The Impact of VR and Our Responsibility as Creators

Lisa Davis
2 min readJul 29, 2016

VR developers are getting good enough at fooling your brain in virtual reality that they also have to start worrying about your safety. Scientists and researchers really have no idea whether and how long-term exposure to VR changes the brain. This begs a discussion about responsibility as to what we create. There are decades worth of research into how motion simulators affect people, etc. and we have some insight into the psychology of the software interaction, and the physiology of the how the body and mind react.

What we’re able to do with the technology that has come available in the last couple years is exciting, and so much more impact than other forms of media. We need to think long and hard about what long-term exposure looks like.

The way VR fools your brain into thinking that a virtual space is real is by knowing what pieces your brain uses to construct reality, and then giving your brain the same information, presented in virtual reality. The vestibular system in our ears tells our brain about our position in 3D space by helping us achieve balance. But there’s a lot more to it than motion sickness, which Chris Dede from Harvard University, says affects roughly 3% of VR users.

With recent mapping data from the Human Connectome Project revealing 180 distinct regions of the brain, imagine what’s possible when you consider that VR is being used for pain reduction, PTSD, and social anxieties like fear of speaking.
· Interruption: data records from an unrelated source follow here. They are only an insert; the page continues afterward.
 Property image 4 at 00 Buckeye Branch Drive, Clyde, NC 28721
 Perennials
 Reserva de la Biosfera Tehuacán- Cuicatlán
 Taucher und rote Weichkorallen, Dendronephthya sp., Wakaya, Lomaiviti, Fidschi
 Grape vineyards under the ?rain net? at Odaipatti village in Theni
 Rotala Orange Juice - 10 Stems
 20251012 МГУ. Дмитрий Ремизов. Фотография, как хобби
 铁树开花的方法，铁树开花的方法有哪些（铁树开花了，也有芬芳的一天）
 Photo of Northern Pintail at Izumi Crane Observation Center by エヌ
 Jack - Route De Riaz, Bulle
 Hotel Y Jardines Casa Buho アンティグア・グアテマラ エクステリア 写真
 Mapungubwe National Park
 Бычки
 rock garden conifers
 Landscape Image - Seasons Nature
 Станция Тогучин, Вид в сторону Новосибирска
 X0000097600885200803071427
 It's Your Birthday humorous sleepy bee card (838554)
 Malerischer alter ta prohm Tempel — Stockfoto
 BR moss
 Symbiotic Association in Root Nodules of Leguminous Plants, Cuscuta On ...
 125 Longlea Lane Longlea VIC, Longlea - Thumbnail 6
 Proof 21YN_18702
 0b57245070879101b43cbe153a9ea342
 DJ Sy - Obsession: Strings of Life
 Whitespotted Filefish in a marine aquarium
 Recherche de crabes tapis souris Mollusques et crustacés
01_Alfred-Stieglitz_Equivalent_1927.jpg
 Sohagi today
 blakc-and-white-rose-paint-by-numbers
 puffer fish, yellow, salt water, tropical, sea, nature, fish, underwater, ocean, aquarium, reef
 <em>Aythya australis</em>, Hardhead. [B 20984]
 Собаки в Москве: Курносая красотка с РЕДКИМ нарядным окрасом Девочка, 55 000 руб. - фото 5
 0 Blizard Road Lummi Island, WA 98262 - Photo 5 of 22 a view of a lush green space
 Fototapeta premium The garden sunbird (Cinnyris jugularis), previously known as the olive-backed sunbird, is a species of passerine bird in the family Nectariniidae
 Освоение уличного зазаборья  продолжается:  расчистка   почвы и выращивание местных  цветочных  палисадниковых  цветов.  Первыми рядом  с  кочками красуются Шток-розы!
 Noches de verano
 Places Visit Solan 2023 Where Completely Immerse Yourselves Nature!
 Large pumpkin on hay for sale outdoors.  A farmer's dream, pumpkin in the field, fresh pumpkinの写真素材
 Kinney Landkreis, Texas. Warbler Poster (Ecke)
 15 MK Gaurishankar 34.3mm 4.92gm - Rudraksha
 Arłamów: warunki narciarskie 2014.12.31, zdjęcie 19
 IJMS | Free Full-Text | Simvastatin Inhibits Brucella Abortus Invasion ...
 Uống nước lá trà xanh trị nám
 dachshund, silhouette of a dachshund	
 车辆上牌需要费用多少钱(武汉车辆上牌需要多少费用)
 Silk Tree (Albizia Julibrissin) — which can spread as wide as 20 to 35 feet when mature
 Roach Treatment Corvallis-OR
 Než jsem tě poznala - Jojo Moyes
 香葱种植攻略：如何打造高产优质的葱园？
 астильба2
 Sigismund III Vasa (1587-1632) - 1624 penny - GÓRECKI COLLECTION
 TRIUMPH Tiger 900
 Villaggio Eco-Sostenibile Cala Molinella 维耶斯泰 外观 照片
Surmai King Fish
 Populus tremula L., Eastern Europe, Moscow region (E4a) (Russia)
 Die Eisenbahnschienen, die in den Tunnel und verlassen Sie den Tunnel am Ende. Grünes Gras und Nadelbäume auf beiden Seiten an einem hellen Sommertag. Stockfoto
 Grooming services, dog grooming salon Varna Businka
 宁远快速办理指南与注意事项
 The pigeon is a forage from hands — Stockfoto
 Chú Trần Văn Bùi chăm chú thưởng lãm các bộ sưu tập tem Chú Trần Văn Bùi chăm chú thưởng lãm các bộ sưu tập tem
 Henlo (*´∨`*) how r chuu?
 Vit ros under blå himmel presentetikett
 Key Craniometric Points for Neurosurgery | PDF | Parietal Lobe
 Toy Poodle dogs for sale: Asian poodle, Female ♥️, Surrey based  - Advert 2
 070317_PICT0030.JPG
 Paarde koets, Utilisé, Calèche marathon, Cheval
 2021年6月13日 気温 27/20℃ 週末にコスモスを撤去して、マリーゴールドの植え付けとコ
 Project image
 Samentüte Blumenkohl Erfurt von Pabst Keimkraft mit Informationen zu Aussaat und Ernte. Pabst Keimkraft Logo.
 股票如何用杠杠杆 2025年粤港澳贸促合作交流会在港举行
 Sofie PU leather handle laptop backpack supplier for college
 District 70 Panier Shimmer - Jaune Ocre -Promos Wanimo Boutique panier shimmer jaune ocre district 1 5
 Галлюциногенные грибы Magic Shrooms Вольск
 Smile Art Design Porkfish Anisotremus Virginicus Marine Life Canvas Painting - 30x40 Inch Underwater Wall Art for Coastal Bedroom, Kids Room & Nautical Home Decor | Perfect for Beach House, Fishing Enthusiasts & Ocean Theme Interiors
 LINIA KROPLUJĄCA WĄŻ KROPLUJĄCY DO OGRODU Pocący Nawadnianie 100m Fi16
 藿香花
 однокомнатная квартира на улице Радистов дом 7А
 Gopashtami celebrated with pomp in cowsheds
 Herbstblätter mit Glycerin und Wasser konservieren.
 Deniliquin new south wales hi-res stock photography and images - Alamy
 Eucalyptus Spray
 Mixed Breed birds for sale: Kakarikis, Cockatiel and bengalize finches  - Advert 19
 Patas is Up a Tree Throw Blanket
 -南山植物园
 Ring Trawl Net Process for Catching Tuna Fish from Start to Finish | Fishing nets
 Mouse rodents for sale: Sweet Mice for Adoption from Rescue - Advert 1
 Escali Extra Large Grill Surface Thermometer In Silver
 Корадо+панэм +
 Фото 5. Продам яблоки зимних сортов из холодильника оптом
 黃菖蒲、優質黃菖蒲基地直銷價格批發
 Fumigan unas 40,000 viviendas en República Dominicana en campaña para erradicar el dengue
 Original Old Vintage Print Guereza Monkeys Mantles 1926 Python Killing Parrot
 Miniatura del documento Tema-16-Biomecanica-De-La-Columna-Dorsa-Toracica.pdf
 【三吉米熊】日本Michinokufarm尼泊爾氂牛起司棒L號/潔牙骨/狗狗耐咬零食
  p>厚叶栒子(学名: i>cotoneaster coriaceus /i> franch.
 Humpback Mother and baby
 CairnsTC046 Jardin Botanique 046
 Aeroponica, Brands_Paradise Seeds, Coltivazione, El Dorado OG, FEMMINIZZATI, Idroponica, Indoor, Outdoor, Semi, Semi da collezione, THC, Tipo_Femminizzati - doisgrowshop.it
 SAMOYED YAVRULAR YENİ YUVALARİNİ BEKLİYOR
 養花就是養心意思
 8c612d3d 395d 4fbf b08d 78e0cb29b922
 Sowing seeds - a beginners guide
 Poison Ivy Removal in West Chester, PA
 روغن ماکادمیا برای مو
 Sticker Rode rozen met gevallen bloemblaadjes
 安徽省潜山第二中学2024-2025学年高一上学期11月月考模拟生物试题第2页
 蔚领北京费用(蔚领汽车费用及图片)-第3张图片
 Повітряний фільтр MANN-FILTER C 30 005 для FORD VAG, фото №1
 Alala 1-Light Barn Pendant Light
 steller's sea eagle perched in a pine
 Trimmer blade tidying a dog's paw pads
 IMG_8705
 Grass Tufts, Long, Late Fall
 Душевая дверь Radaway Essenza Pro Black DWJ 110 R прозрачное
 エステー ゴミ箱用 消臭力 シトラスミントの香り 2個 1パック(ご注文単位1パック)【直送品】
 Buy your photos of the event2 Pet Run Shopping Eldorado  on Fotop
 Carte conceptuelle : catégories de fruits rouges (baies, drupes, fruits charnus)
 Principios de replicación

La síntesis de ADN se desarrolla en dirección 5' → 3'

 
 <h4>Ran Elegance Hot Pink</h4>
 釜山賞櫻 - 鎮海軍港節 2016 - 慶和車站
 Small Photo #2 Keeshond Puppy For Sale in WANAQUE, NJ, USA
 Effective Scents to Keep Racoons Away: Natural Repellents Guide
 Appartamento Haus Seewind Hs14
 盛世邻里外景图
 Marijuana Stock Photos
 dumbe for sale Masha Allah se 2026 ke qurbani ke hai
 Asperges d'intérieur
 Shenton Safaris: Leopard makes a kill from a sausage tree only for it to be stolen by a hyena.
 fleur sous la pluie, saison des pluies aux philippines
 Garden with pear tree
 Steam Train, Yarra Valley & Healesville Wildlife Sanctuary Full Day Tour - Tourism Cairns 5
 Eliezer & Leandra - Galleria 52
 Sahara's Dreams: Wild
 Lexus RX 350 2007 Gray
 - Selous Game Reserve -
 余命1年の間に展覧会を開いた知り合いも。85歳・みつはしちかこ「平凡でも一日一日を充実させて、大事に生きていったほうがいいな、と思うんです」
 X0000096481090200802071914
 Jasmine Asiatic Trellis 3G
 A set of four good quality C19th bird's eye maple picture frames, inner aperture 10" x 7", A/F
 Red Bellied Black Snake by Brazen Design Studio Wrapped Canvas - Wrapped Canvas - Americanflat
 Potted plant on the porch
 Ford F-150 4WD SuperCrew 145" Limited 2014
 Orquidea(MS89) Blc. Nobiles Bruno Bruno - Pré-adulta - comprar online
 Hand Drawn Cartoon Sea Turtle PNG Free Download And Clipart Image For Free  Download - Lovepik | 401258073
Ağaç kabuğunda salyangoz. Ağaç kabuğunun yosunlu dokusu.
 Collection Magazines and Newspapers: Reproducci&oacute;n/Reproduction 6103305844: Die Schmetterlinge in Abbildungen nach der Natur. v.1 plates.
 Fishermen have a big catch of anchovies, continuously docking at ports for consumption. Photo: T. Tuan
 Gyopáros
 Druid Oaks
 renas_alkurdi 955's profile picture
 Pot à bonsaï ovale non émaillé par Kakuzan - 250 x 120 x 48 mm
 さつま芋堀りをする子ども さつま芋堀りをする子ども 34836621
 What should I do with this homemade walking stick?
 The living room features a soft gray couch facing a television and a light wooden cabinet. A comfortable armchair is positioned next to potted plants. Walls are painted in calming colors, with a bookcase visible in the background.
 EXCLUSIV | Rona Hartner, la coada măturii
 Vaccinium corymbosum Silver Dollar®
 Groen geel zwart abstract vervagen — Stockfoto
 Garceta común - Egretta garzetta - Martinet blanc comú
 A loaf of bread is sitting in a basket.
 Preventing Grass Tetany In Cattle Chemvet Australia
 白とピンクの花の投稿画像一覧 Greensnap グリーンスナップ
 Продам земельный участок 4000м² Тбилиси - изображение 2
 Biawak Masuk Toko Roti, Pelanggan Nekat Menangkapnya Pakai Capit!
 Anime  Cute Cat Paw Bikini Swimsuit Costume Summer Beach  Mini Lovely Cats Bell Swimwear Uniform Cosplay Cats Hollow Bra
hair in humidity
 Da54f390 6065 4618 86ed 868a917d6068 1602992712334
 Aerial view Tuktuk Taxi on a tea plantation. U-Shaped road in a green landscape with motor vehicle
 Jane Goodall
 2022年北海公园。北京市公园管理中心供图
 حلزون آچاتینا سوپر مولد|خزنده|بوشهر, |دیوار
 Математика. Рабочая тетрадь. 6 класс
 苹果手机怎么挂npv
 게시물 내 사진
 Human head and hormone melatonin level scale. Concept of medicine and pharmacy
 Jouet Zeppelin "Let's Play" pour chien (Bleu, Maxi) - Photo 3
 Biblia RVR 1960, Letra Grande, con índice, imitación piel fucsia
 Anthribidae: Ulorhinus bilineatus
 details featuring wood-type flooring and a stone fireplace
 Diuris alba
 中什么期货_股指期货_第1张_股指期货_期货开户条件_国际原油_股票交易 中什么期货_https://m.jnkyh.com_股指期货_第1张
The key to achieving these goals is to first understand the senses that the human brain uses to intuit what is real, in the real world, and then give those senses the same types of data, but in the virtual world.

Creators need to take great care in how they prepare users for their experiences, something that so far I don’t see enough of yet. Because your brain can be so thoroughly fooled into thinking the virtual world is the real world, those who experience VR may need to be warned about the content that awaits them. First impressions are important, something scary in VR could be offputting at least and in worse cases disturbing.

Adding enough sensory and directional data in virtual experiences is important not only in keeping the brain believing that the virtual world is real so that we can enact situations to enlighten and educate ourselves but also to avoid potentially negative or even traumatic experiences unintended in VR.

At a recent Cannes Lions Festival appearance, Google VR vice president Clay Bavor said: “When you look at your brain under an fMRI, remembering and experiencing look very similar.”

They also impact you similarly.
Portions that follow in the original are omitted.